[Dataset entries]
**********

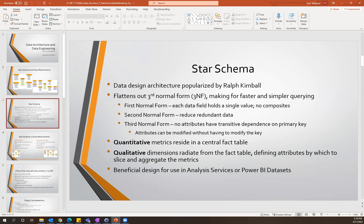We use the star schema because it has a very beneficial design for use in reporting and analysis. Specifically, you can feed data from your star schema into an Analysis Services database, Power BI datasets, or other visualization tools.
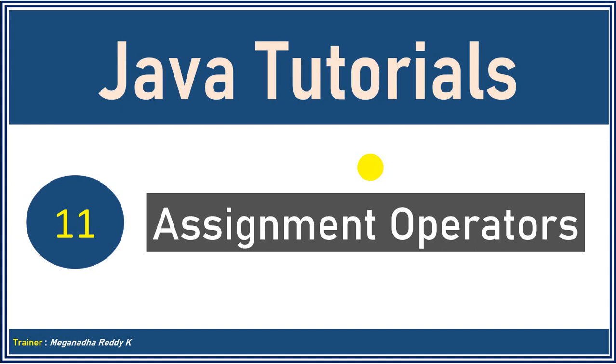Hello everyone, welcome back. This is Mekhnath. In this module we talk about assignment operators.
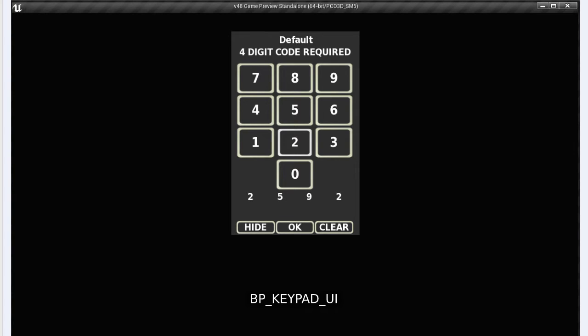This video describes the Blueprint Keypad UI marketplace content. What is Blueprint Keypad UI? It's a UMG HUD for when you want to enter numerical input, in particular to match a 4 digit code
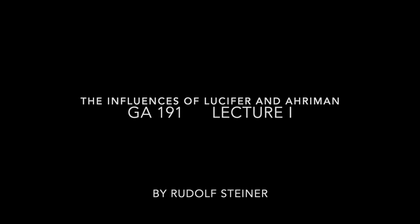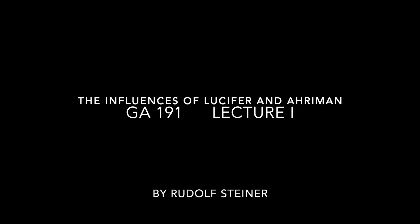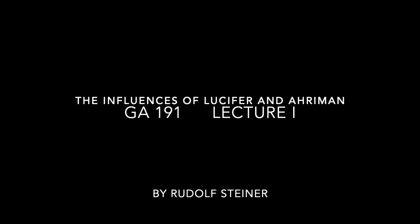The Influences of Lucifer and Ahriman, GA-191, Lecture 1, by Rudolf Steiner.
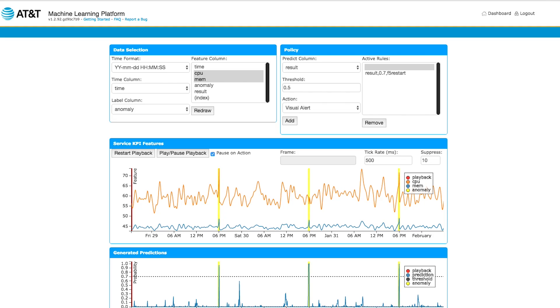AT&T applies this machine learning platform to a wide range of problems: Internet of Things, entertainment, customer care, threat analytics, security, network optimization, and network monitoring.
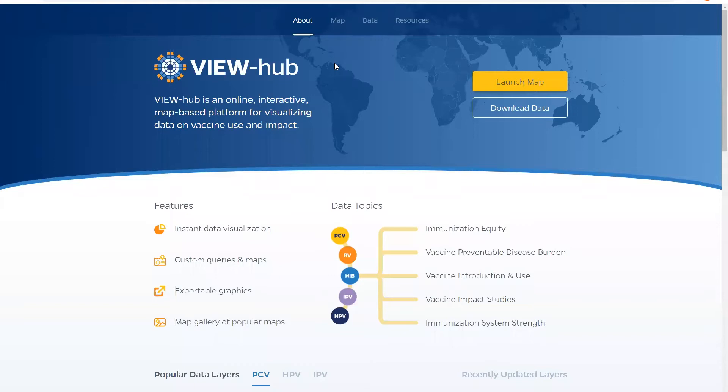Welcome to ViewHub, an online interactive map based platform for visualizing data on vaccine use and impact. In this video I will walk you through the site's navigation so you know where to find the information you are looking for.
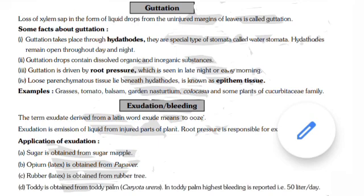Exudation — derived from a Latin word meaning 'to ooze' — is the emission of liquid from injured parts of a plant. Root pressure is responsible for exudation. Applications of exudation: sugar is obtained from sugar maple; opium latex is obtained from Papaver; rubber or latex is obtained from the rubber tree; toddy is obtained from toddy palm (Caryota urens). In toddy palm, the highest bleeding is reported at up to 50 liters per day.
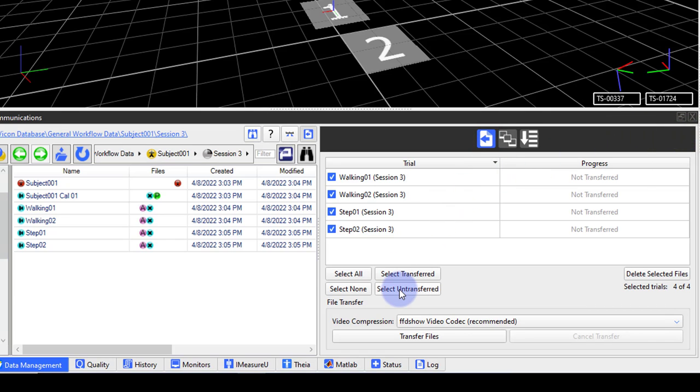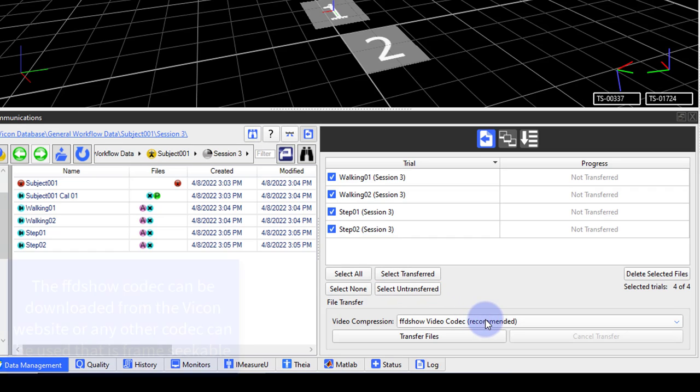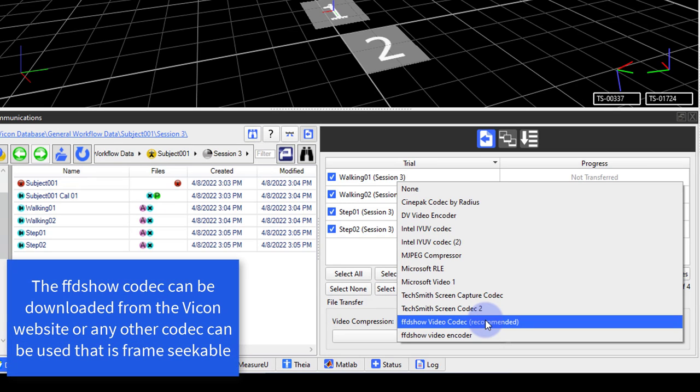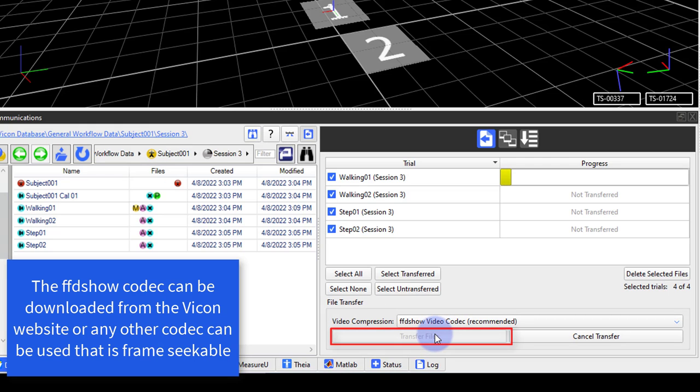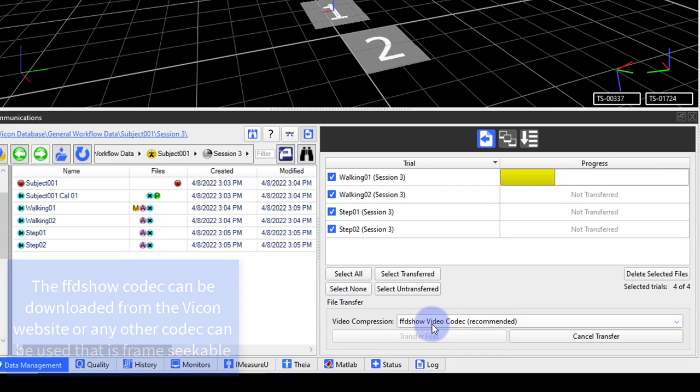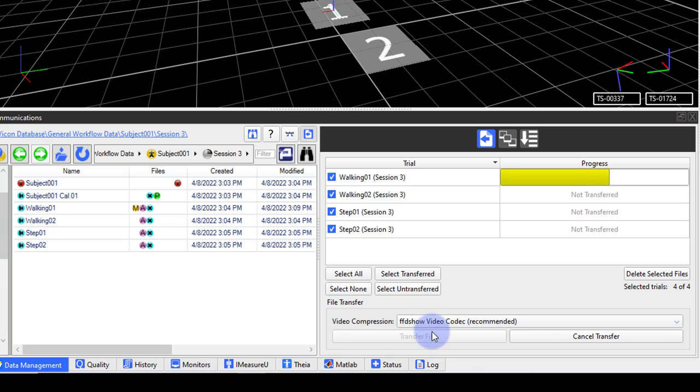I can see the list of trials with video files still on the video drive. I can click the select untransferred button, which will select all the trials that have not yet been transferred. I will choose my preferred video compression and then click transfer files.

**********

Your instructions —
Each line from the line containing "AT&T applies this" through the final line of the data above must be retyped exactly; nothing else, and no pictures, may appear.

Exercise solution —
AT&T applies this machine learning platform to a wide range of problems: Internet of Things, entertainment, customer care, threat analytics, security, network optimization, and network monitoring.
Welcome to ViewHub, an online interactive map based platform for visualizing data on vaccine use and impact. In this video I will walk you through the site's navigation so you know where to find the information you are looking for.
Exudation — derived from a Latin word meaning 'to ooze' — is the emission of liquid from injured parts of a plant. Root pressure is responsible for exudation. Applications of exudation: sugar is obtained from sugar maple; opium latex is obtained from Papaver; rubber or latex is obtained from the rubber tree; toddy is obtained from toddy palm (Caryota urens). In toddy palm, the highest bleeding is reported at up to 50 liters per day.
I can see the list of trials with video files still on the video drive. I can click the select untransferred button, which will select all the trials that have not yet been transferred. I will choose my preferred video compression and then click transfer files.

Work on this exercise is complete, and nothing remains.